- _What you have to do_: Everything from the line with "PanVibe EinmachgläSer mit" to the final line of the entries is to be set down exactly, except the pictures.

◆ ◆ ◆ ◆

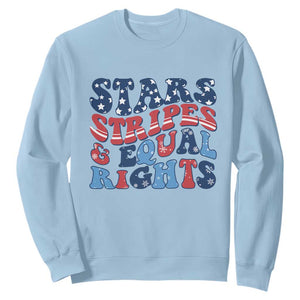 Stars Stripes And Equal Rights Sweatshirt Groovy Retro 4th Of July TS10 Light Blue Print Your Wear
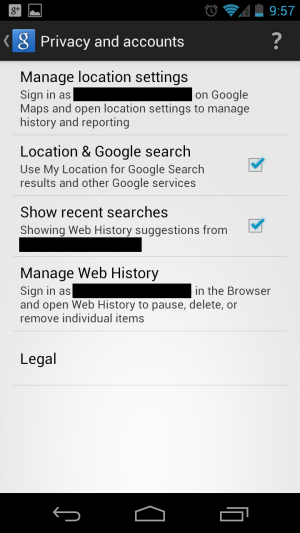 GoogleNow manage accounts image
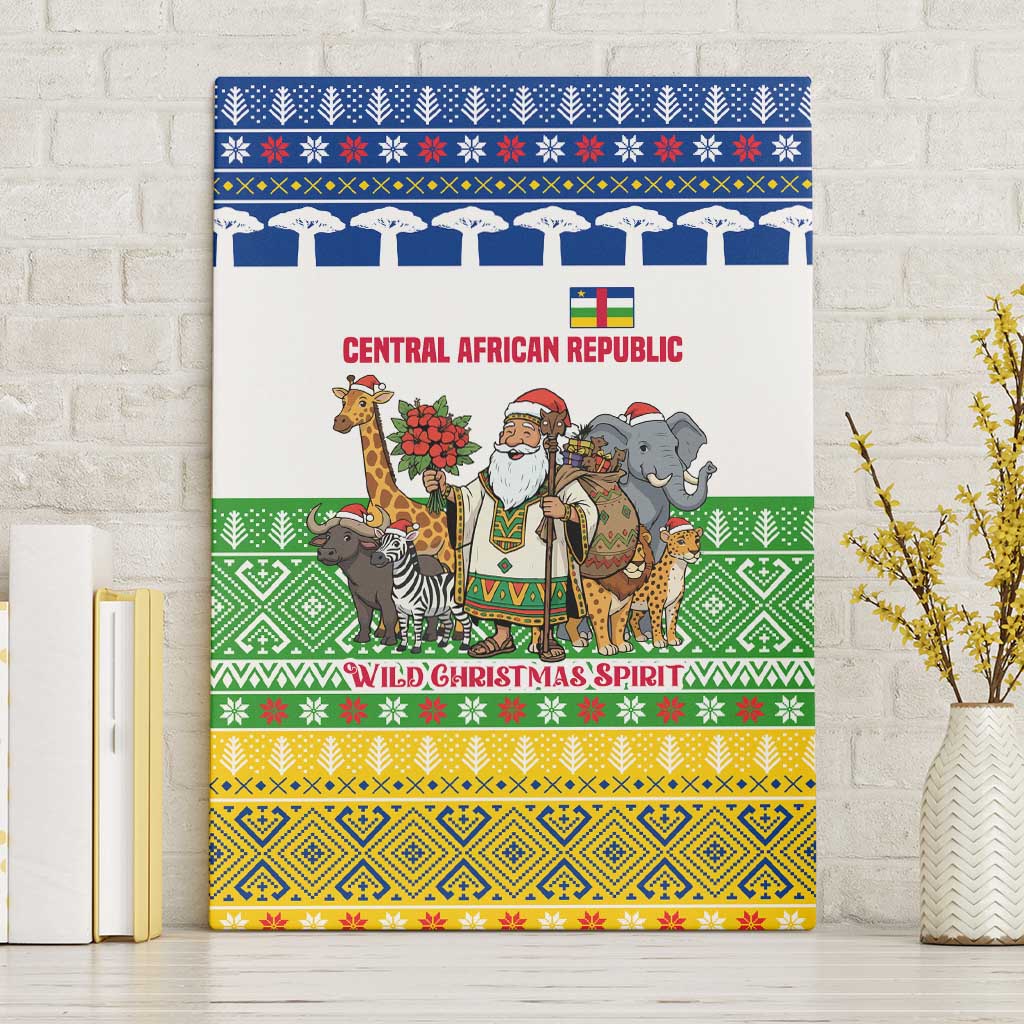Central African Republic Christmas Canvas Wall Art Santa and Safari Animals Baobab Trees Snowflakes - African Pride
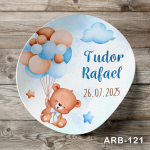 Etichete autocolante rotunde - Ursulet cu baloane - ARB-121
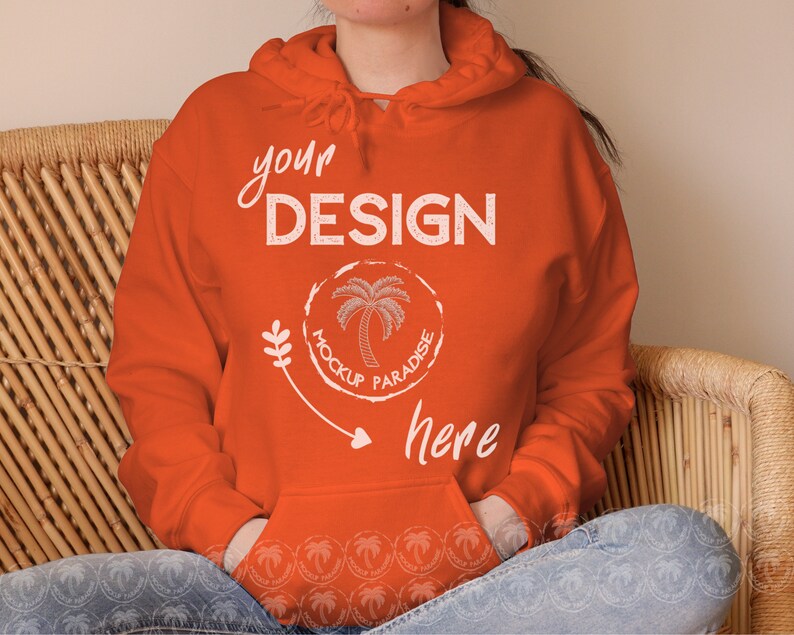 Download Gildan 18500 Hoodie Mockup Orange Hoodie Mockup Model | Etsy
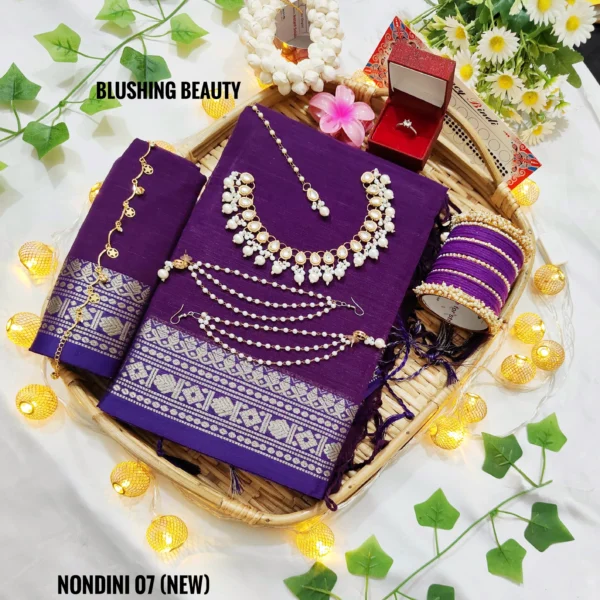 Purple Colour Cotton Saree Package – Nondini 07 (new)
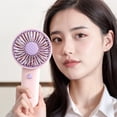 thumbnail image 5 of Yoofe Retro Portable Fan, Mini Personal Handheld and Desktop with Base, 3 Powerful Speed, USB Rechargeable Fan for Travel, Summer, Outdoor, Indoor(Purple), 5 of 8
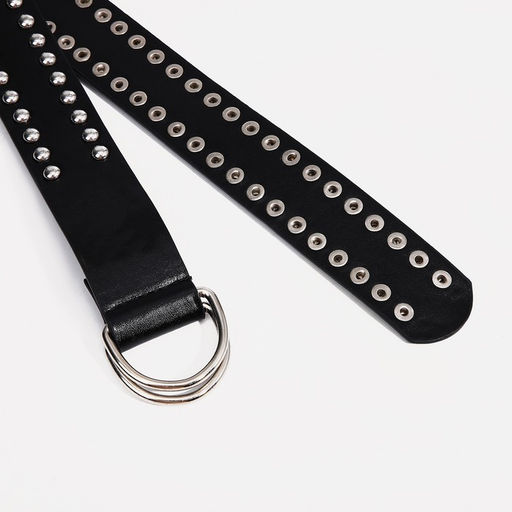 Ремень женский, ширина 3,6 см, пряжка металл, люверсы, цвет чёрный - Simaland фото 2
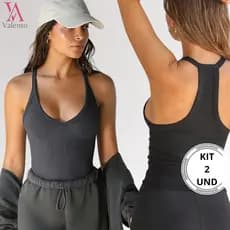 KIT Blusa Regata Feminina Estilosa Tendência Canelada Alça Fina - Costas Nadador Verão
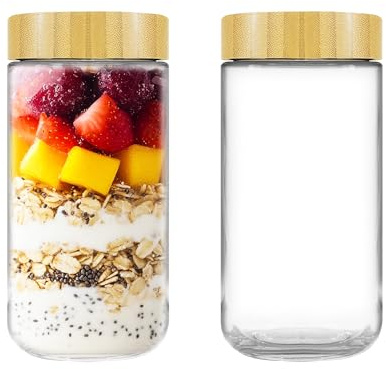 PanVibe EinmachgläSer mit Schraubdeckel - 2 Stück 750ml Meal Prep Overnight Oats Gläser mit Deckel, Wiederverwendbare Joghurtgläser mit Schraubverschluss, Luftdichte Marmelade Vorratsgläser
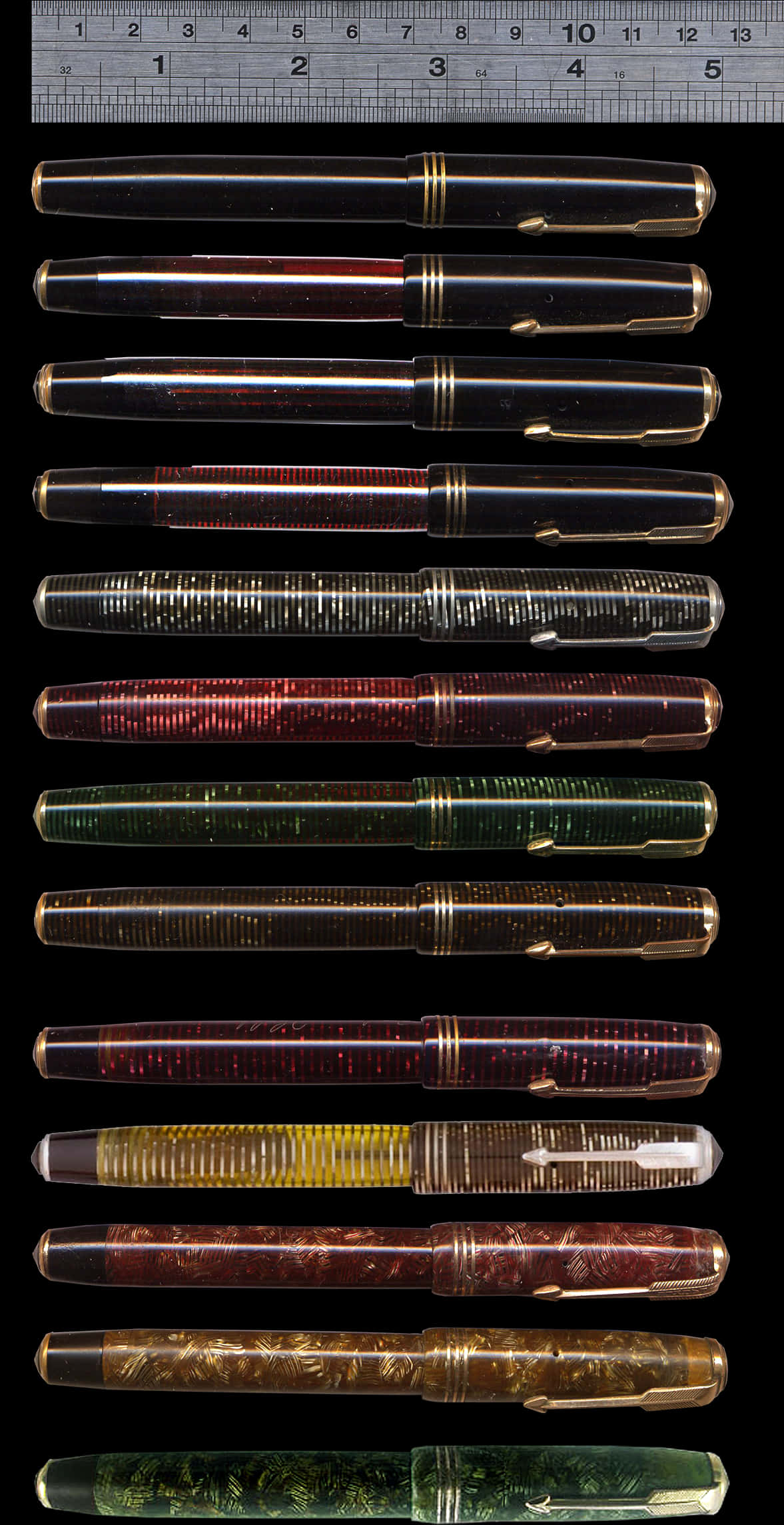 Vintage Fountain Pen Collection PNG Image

◆ ◆ ◆ ◆

- _Written answer_:
 PanVibe EinmachgläSer mit Schraubdeckel - 2 Stück 750ml Meal Prep Overnight Oats Gläser mit Deckel, Wiederverwendbare Joghurtgläser mit Schraubverschluss, Luftdichte Marmelade Vorratsgläser
 Vintage Fountain Pen Collection PNG Image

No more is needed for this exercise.